Re: Slow catchup of 2PC (twophase) transactions on replica in LR - Mailing list pgsql-hackers

From Peter Smith
Subject Re: Slow catchup of 2PC (twophase) transactions on replica in LR
Date
Msg-id CAHut+PuOFZvynF9YQrJA0zZnd5MB4Xh43WXZzh0nu5QGML4v7Q@mail.gmail.com
Whole thread Raw
In response to RE: Slow catchup of 2PC (twophase) transactions on replica in LR  ("Hayato Kuroda (Fujitsu)" <kuroda.hayato@fujitsu.com>)
Responses RE: Slow catchup of 2PC (twophase) transactions on replica in LR
List pgsql-hackers
Hi, Here are some review comments for v8-0002.

======
Commit message

1.
Regarding the off->on case, the logical replication already has a mechanism for
it, so there is no need to do anything special for the on->off case; however,
we must connect to the publisher and expressly change the parameter.

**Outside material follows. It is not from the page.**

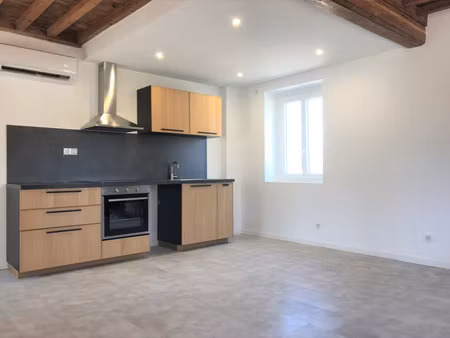 maison entièrement rénovée avec jardin et garage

The
operation cannot be rolled back, and altering the parameter from "on" to "off"
within a transaction is prohibited.

~

I think the difference between "off"-to"on" and "on"-to"off" needs to
be explained in more detail. Specifically "already has a mechanism for
it" seems very vague.

======
src/backend/commands/subscriptioncmds.c

2.
  /*
- * The changed two_phase option of the slot can't be rolled
- * back.
+ * Since the altering two_phase option of subscriptions
+ * also leads to the change of slot option, this command
+ * cannot be rolled back. So prevent we are in the
+ * transaction block.
  */
- PreventInTransactionBlock(isTopLevel, "ALTER SUBSCRIPTION ... SET
(two_phase)");
+ if (!opts.twophase)
+ PreventInTransactionBlock(isTopLevel,
+

2a.
There is a typo: "So prevent we are".

SUGGESTION (minor adjustment and typo fix)
Since altering the two_phase option of subscriptions also leads to
changing the slot option, this command cannot be rolled back. So
prevent this if we are in a transaction block.

~

2b.
But, in my previous review [v7-0002#3] I asked if the comment could
explain why this check is only needed for two_phase "on"-to-"off" but
not for "off"-to-"on". That explanation/reason is still not yet given
in the latest comment.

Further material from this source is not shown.